「30代」が大きなターニングポイントに

人ならざる存在であるおろちが老いることなく長い年月を生き続けるのとは対照的に、門前家の女性たちは「29歳」という美貌のタイムリミットを避けることができない。彼女たちは美しさを保ったまま30代を過ごすことはできない運命にあるのだ。

経営コンサルタントの海老原嗣生は、女性の人生とキャリアにおける「年齢」の問題について、1981年放送のテレビドラマ『想い出づくり。』〔制作:TBS〕のいくつかのシーンを取り上げながら、かつて使われた「クリスマスケーキ」に女性の人生をなぞらえた表現を紹介するとともに、1980年代の「日本の大手企業で働く女子のスタイル」は「短大かもしくは四年制女子大を卒業し、事務職として会社に勤める。それも、たいていは腰かけで寿退職。どんなに長くても30歳が限界」であったとし、このようなかつての女性の働き方を「定年30歳」と表現した(※2)。
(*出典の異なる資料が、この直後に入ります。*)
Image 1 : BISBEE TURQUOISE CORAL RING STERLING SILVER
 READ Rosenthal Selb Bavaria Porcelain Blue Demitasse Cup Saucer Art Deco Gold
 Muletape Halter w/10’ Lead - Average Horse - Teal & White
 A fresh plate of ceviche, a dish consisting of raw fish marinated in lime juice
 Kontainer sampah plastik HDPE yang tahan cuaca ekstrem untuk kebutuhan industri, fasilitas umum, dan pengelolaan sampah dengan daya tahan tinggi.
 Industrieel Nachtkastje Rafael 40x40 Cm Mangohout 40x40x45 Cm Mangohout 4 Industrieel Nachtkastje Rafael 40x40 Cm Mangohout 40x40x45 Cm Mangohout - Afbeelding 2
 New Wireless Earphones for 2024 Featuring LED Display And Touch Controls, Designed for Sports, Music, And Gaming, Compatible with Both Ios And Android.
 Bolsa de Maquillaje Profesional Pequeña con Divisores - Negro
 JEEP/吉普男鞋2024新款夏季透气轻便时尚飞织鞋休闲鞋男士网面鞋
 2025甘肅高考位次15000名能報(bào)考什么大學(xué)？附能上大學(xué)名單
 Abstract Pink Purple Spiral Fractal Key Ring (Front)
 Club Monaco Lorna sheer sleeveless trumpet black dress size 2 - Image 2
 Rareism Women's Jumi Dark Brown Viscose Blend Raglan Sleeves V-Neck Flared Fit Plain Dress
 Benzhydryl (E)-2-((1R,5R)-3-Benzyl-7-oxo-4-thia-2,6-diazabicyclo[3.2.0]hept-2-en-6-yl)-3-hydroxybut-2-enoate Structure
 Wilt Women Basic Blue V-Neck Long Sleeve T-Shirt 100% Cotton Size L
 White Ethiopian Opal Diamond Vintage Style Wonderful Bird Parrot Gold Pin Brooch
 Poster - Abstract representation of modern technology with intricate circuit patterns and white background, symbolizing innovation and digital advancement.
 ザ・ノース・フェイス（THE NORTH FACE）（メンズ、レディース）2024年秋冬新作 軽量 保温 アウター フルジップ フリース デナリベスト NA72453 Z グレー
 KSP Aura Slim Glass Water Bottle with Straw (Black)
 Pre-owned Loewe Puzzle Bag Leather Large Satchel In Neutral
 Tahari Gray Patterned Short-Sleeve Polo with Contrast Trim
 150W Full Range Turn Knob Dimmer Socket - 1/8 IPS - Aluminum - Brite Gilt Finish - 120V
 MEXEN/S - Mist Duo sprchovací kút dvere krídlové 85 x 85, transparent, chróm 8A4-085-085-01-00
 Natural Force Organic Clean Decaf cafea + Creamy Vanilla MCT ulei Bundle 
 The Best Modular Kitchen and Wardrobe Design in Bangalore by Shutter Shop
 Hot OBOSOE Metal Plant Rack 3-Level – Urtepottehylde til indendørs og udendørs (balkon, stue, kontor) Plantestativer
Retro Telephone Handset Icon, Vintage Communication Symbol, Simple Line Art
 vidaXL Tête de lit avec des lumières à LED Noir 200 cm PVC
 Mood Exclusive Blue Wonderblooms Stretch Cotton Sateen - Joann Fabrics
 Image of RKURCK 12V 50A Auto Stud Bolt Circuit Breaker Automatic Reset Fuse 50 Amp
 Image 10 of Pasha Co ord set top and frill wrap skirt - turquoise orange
25歳を超え、四捨五入すれば30歳になる女性を、25日を過ぎれば「売れ残り」として扱われるクリスマスケーキにたとえた、この非人道的とも言うべき表現は、女性の人生とキャリアを年齢、すなわち若さでしか評価していないという価値観の表れである。女性も男性も等しく年齢を重ねていくにもかかわらず、多くの場合、女性の人生においてのみ、年齢を重ねることがマイナスの意味を持つものとして位置づけられてきたのだ。

また、社会学者・上野千鶴子とカウンセラー・信田さよ子の対談『結婚帝国 女の岐れ道』〔講談社、2004年〕の帯にも「「30代・女」の岐路を読み解くキーワード」「結婚か、非婚か、「30代・女」の瀬戸際の攻防」というフレーズが躍っていることからもわかるように、女性の人生とキャリアについて語るとき、「30代」が大きなターニングポイントと捉えられることは多い。

酒井順子のエッセイ『負け犬の遠吠え』〔講談社、2003年〕でも、「負け犬」は未婚で子どものいない30代以上の女性を指す言葉として用いられていた。